GLITTER PAINT ADDITIVE - ULTRA FINE / EXTRA FINE 1/128" 0.008" 0.2MM
1589 reviews
$9.95


----------



## Masterwork

Is this something you need to clear coat?

If I wanted to wash dirt off the walls, for example, wouldn't I be scrubbing the glitter off?

The glitter on my ceilings was quite coarse. It looks like they would have used a glitter gun, or someone just broadcast it into the texture.


----------



## Redux

The only glitter effect I’ve ever done was when a client wanted me to paint a room & requested that I match a metallic flake finish on a motorcycle in both color and effect. I ended up having to use a metallic flake automotive finish called Ditzler by PPG which was spray applied using a conventional air gun ( I think it might have been a solvent borne acrylic enamel). After googling it, I see it’s still around, but rather than being a single stage system with the flake incorporated into the paint w/out a clear, it’s been changed up where the flake can be added to a number of PPG’s automotive finishing systems, yet is probably not something one would want to try or do. In all honesty, I had a really tough time with it but it ended up turning out amazing, only after several failed attempts.


----------



## kentdalimp

Another Option is to add Glitter to Minwax Polycrylic and topcoat with it.

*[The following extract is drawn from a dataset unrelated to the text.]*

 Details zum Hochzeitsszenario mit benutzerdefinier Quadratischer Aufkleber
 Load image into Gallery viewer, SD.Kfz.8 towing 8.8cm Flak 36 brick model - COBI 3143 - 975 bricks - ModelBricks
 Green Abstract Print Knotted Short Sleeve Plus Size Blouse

I've done specialty finishes before using Polycrylic instead of a Glaze. Paint the wall whatever color they want, then the Glitter infused Topcoat! 

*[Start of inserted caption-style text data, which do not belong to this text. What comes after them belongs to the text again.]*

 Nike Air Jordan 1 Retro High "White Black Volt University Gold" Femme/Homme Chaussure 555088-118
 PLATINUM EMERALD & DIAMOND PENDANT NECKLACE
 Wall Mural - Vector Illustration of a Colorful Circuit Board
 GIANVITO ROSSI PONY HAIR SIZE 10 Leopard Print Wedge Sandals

Do a sample board first, whatever you decide though!


----------



## kentdalimp

These photos show an example of the Shimmer from adding Mica Powder to Polycrylic. While I didn't perform the Decorative Paint on this Building (Only the Architectural Painting) I know the system and have done it in other buildings. 

Basically you paint the Shimmer on the walls, then apply a stencil and paint it. This leaves the Negative space between the Stencil with the "Shimmery" look you see in the photos. The intent is to create a look similar to a wallpaper.


----------



## MikeCalifornia

I would say straight glitter mixed into a poly clear would work perfect.


----------



## PPD

These were the inspo shots she showed me...They’re from a UK based wallpaper company but she wants it done in finish rather than paper.

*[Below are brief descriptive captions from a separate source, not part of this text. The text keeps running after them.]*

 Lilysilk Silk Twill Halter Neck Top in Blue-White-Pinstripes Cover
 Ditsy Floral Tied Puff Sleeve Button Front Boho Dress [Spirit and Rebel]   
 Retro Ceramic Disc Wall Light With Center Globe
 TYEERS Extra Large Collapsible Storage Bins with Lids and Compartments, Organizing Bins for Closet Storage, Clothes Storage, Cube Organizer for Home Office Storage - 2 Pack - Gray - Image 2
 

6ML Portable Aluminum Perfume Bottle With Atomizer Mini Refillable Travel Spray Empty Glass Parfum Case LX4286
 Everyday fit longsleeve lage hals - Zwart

I originally hoped adding some glitter to topcoat would be ideal but after seeing this...looks more like I’d need to wet a roller w/ topcoat & roll it in a tray of pure glitter 

Definitely not a cleanable surface


----------



## Joe67

Youch. That looks a bit like fill a roller pan with glue and super-grainy glitter. And then put a clear on it. I don't envy you having to figure that out.


----------



## Fman

PPD said:


> These were the inspo shots she showed me...They’re from a UK based wallpaper company but she wants it done in finish rather than paper.
> 
> I originally hoped adding some glitter to topcoat would be ideal but after seeing this...looks more like I’d need to wet a roller w/ topcoat & roll it in a tray of pure glitter
> 
> Definitely not a cleanable surface


That looks like Multispec to me. All I remember about it is it has to be sprayed on. It might be the effect they are looking for.
https://www.multispec.com/Pages/about-multispec/about-multispec/


----------



## kentdalimp

Zolatone might get you there, But it has to be sprayed, and its not for the faint of heart. Of course the paint is a couple hundred dollars a gallon too!

https://www.zolatone.com/

If i had to come up with a similar look using just paint, It would likely be a base coat of shimmering paint, then use a Cup gun without the Air Cap to splatter different colors of other shimmer paint. It would end up looking like a Jackson Pollock Painting, but with some practice and playing with the gun settings you could make a cool multi color shimmer effect. Then maybe go over it with a slightly opaque glaze of Shimmer enough times to soften the splatter look some.


----------



## kentdalimp

Another Possible route is Paint the Wall and While its still went shoot Glitter through a Texture Hopper Gun across the wall. (Texture hopper is the first thing that comes to mind when trying to get even coverage. - Like spraying aggregate into wet epoxy.) Once the paint Dries, and sticks the glitter to the walls, sweep/lightly sand off the loose stuff and top with a clear topcoat. 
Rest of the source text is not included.